## EXERCISE
Write out the lines below exactly, beginning at the one with "Audi S6 7.000 km 86.960 &euro; Wesel 46485" and stopping after the one with "OluKai Mio Lī - Bone / Koi 9"; the pictures are not copied.

BEGIN RECORD SET

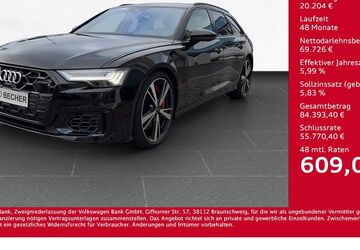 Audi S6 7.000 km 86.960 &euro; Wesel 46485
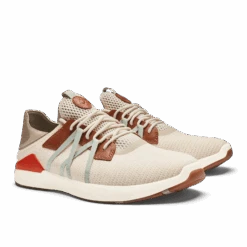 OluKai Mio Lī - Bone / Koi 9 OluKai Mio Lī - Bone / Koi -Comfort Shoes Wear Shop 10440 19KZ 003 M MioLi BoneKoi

END RECORD SET
BEGIN RECORD SET

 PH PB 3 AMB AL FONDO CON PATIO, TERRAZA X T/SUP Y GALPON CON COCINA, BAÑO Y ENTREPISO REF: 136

END RECORD SET
BEGIN RECORD SET

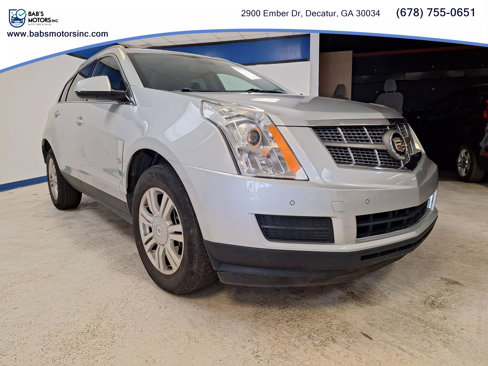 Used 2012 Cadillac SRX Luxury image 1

END RECORD SET

## WRITTEN ANSWER
 Audi S6 7.000 km 86.960 &euro; Wesel 46485
 OluKai Mio Lī - Bone / Koi 9 OluKai Mio Lī - Bone / Koi -Comfort Shoes Wear Shop 10440 19KZ 003 M MioLi BoneKoi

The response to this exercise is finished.